§ YOUR TASK: What are the lines, word for word, from the line with "A mural by artist" up to and including the line with "Layered multi-strand necklace" in the records below? Omit the pictures.

Web page caption snippets:

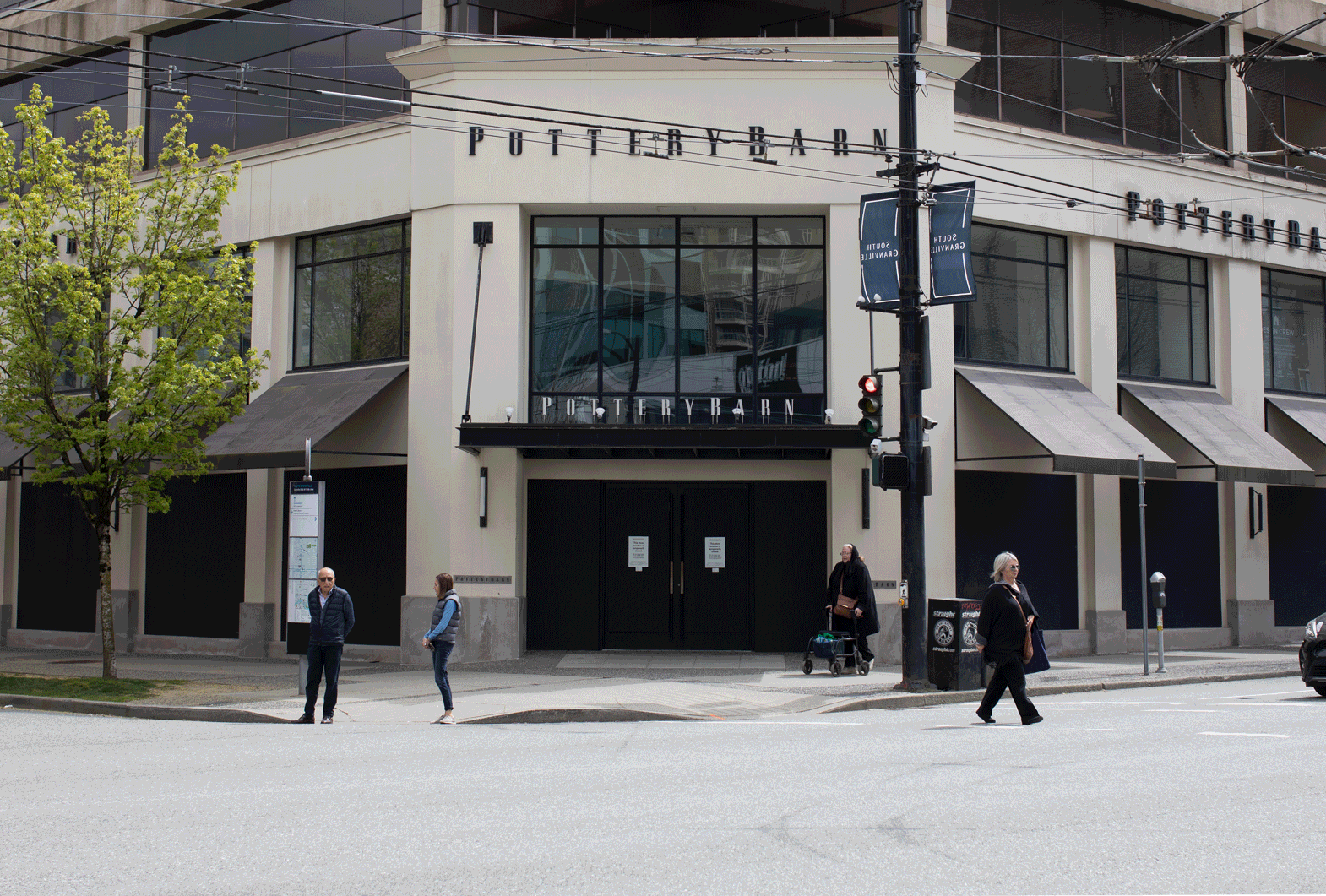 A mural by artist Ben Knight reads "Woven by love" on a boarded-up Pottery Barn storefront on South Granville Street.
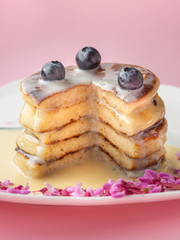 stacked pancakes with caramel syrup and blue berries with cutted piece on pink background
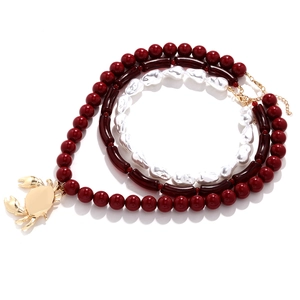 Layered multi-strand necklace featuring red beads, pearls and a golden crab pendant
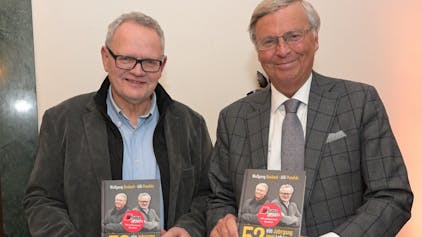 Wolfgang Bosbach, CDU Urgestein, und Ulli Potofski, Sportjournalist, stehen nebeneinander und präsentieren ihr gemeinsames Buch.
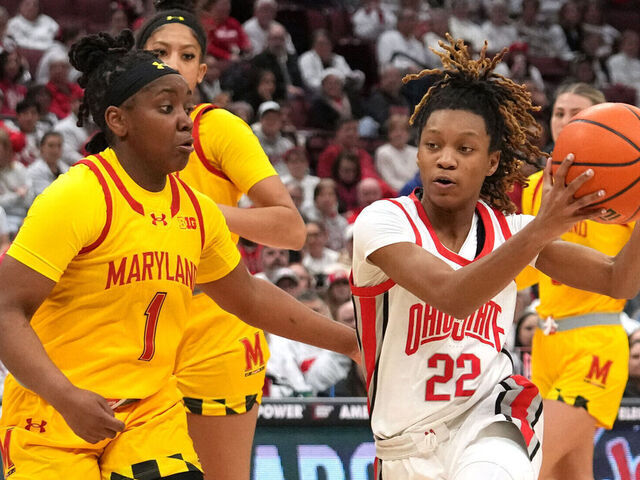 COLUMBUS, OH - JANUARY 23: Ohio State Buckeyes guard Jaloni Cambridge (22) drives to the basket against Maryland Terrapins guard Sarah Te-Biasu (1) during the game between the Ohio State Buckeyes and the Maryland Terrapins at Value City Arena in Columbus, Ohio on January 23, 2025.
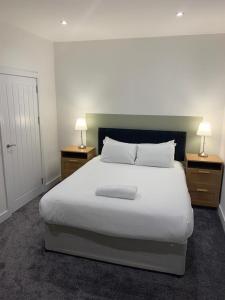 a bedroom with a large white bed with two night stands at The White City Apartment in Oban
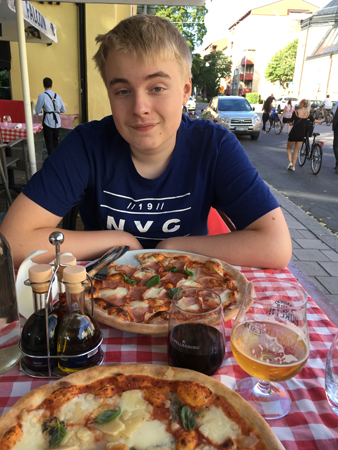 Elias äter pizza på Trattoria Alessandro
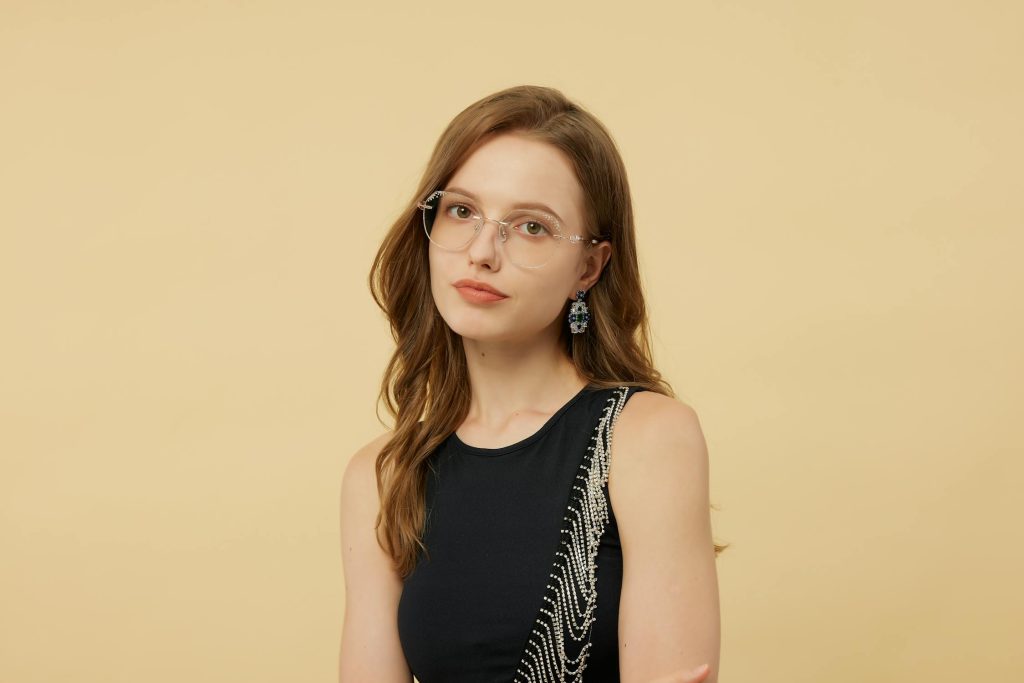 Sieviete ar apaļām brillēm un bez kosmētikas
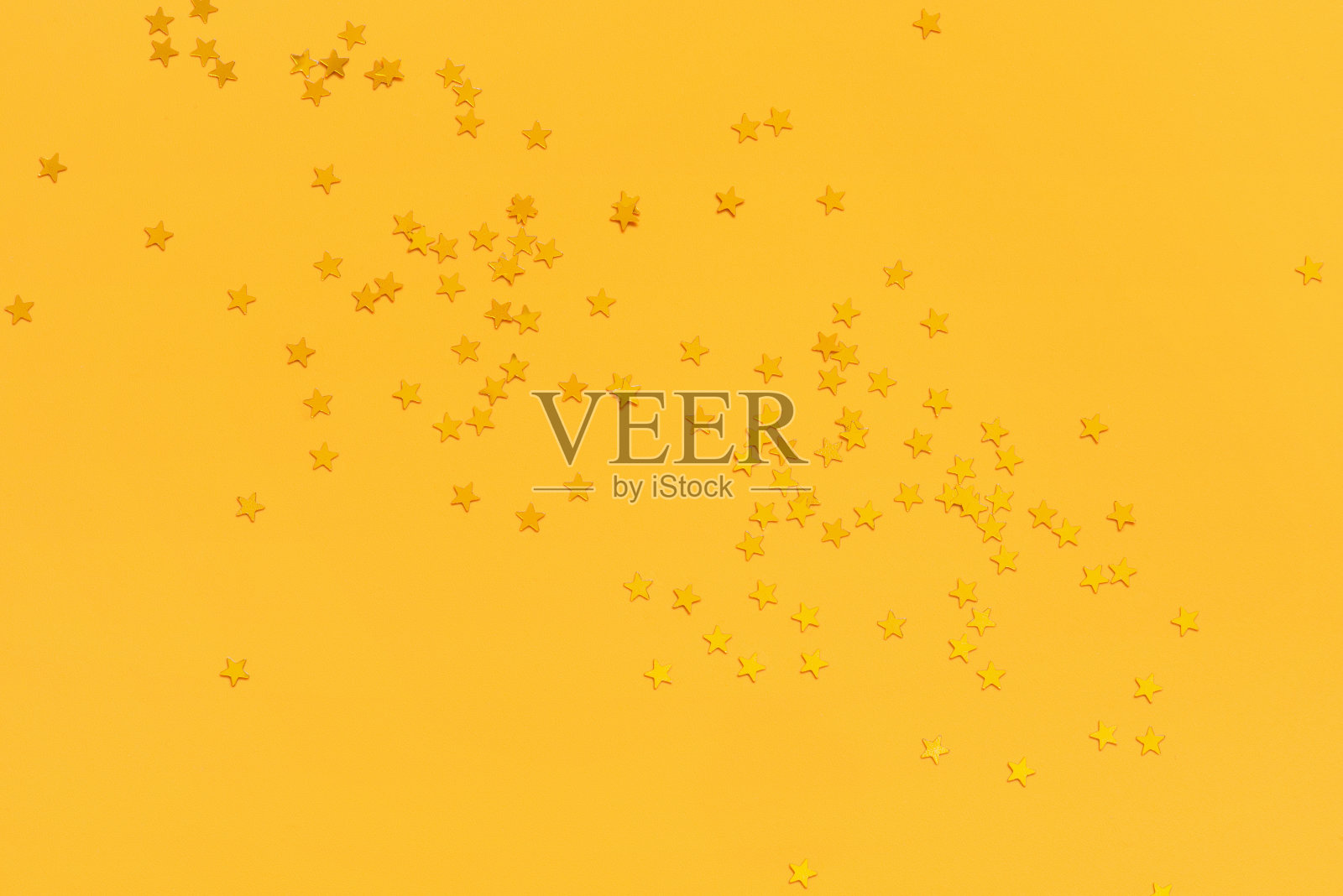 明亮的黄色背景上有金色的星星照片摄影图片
---
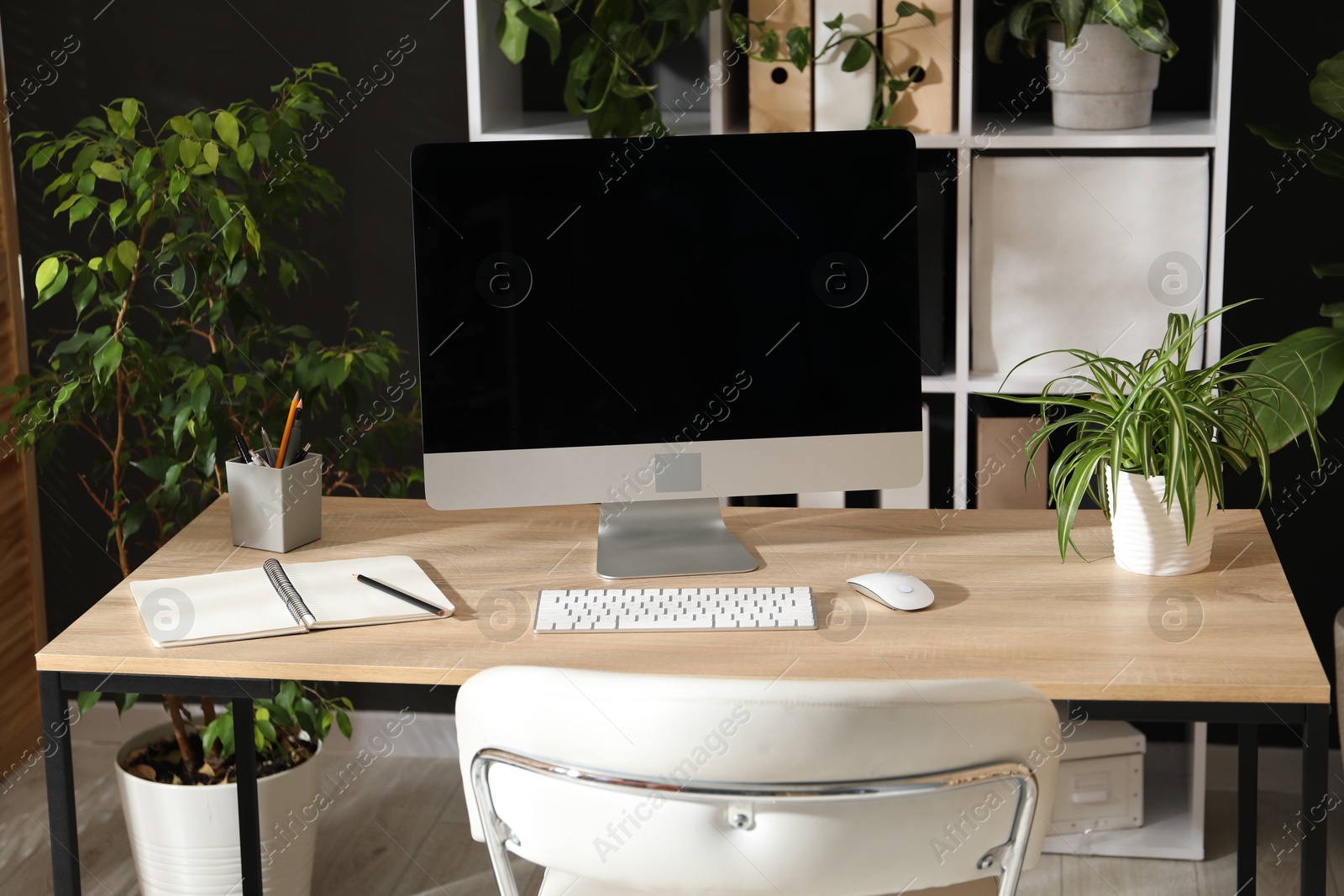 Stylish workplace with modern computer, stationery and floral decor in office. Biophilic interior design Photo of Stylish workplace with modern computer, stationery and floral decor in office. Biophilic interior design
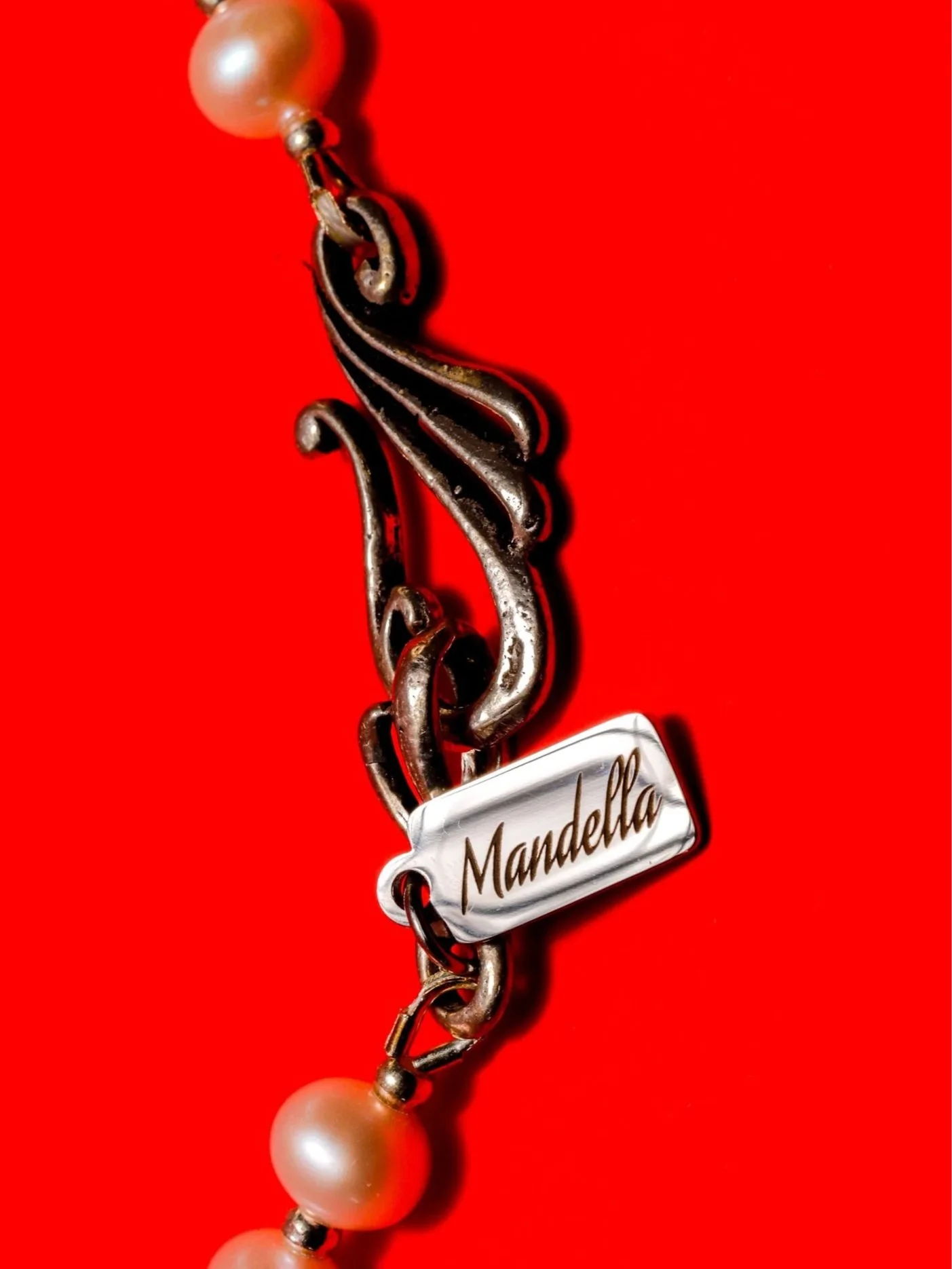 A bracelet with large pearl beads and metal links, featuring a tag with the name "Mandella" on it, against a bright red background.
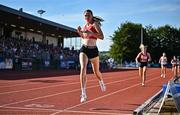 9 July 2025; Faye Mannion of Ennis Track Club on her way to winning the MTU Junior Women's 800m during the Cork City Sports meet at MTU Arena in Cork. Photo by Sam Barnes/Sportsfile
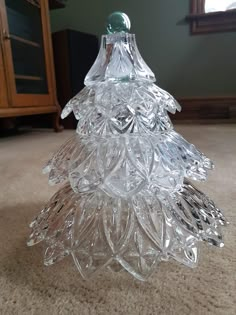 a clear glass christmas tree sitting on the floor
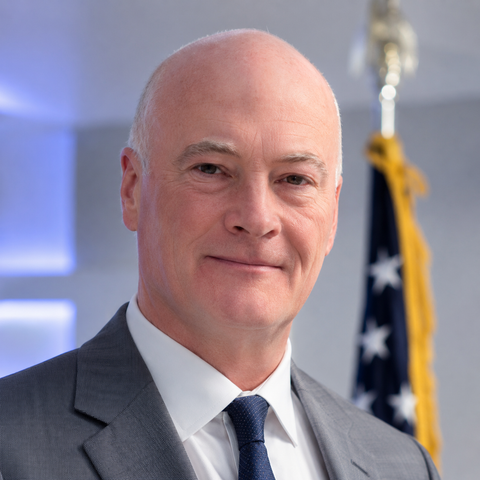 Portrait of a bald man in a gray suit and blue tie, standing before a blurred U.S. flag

§ ANSWER SECTION:
 A mural by artist Ben Knight reads "Woven by love" on a boarded-up Pottery Barn storefront on South Granville Street.
 stacked pancakes with caramel syrup and blue berries with cutted piece on pink background
 Layered multi-strand necklace featuring red beads, pearls and a golden crab pendant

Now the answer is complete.